Problem description
Look through the lines below and extract any with the word "Park".

Records from a data collection
---------------

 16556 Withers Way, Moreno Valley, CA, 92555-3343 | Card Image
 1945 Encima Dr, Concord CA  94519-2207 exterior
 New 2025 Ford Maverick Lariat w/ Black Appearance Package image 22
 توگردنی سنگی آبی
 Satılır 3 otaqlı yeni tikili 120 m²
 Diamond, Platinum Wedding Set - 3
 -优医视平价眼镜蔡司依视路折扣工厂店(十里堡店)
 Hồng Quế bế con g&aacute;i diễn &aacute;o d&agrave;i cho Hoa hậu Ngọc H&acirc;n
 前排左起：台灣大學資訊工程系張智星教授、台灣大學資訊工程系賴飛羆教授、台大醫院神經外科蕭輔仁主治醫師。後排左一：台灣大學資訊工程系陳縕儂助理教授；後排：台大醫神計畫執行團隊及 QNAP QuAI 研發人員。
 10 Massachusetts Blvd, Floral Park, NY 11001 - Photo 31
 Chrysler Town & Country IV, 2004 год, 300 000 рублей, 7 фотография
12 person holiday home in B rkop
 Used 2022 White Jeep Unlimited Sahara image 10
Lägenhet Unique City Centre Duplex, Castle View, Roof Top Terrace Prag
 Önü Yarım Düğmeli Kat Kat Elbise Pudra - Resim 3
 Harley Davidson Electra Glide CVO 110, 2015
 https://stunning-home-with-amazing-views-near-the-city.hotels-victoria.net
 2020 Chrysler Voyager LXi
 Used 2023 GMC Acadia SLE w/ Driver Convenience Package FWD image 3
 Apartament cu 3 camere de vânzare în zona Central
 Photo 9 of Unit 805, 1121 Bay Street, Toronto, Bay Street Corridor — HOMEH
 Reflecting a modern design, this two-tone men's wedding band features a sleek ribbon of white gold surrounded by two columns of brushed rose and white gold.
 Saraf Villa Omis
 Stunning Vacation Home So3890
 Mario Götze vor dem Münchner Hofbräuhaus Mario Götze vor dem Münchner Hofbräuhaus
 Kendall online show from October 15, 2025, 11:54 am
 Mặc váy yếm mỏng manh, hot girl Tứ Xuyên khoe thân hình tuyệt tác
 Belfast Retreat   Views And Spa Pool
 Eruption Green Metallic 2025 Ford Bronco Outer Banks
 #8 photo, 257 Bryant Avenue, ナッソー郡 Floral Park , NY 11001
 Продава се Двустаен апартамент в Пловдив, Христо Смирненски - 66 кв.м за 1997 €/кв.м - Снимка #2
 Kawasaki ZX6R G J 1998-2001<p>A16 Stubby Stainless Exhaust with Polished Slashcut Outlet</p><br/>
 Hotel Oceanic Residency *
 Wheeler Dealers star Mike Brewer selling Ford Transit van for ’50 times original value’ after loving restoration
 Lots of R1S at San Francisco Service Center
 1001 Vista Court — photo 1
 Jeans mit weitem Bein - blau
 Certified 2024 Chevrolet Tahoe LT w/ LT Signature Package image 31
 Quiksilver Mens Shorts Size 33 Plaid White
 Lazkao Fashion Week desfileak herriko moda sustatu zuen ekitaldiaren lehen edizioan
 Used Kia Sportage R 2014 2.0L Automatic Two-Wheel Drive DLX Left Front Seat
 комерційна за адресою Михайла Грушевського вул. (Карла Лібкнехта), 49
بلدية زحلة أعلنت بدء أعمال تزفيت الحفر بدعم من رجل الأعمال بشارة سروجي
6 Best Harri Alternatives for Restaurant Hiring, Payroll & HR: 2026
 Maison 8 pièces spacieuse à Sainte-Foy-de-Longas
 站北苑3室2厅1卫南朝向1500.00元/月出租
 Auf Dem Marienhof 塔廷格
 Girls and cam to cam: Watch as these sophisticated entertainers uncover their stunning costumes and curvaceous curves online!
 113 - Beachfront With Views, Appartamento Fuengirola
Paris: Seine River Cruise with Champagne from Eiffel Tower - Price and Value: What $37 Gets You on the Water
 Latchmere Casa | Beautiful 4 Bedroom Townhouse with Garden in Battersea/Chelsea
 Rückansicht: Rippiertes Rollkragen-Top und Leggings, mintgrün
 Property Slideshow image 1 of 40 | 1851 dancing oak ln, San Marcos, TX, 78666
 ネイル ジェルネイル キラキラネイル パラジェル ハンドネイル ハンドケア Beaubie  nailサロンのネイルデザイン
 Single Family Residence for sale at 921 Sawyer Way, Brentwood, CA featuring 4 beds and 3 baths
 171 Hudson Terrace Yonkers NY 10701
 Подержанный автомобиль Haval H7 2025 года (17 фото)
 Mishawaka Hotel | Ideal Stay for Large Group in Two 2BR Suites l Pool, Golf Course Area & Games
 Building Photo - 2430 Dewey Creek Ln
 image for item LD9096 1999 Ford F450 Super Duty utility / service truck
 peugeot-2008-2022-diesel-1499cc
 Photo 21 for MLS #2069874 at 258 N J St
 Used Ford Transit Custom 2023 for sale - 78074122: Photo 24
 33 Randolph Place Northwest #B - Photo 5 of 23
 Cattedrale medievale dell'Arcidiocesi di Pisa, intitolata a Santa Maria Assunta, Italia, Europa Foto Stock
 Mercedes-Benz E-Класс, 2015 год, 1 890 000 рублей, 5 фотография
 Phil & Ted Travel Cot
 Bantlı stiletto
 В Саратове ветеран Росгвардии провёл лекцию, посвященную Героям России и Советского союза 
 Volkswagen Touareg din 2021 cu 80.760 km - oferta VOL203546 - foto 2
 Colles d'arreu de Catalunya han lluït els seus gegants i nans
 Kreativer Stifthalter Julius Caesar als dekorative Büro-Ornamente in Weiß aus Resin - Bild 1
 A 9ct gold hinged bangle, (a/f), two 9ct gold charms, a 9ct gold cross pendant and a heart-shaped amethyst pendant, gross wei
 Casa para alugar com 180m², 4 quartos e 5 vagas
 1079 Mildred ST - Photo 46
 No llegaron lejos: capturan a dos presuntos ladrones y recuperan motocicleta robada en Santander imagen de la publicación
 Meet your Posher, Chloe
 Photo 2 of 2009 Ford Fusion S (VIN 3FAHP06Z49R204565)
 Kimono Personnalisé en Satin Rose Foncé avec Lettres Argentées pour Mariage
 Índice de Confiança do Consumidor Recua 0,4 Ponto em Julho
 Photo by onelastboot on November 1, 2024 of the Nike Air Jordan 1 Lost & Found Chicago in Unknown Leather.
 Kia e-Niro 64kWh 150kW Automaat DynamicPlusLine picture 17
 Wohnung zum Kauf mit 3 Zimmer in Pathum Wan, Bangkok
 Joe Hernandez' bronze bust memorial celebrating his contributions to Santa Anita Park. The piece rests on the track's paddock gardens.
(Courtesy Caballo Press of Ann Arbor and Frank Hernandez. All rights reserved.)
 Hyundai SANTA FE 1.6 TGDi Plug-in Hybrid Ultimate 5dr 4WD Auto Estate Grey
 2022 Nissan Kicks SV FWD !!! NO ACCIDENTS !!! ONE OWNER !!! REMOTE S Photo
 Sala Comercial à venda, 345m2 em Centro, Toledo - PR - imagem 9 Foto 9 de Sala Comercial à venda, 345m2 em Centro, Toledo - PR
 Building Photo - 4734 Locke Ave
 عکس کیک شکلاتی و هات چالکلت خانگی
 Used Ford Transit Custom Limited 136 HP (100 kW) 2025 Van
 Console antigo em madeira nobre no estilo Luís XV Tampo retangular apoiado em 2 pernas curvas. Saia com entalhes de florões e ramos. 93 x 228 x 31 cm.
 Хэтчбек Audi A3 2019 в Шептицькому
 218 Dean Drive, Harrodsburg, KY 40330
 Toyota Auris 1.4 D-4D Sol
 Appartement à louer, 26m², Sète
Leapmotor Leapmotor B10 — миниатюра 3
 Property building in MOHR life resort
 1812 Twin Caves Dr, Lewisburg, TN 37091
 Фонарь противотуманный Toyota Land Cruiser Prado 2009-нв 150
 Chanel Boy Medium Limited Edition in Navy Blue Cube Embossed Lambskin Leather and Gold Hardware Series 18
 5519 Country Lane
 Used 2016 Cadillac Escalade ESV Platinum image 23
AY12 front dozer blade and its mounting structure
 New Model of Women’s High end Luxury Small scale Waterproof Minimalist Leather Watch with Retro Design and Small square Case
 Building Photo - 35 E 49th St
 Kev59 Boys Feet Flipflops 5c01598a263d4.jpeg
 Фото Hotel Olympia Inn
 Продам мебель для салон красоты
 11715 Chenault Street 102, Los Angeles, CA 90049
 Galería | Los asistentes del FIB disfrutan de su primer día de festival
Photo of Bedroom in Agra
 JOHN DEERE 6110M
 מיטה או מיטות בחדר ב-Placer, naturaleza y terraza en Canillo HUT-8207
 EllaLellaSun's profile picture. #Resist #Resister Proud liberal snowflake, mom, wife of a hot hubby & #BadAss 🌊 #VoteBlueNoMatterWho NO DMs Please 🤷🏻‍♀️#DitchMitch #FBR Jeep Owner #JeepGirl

---------------

Answer box
 10 Massachusetts Blvd, Floral Park, NY 11001 - Photo 31
 #8 photo, 257 Bryant Avenue, ナッソー郡 Floral Park , NY 11001
 Joe Hernandez' bronze bust memorial celebrating his contributions to Santa Anita Park. The piece rests on the track's paddock gardens.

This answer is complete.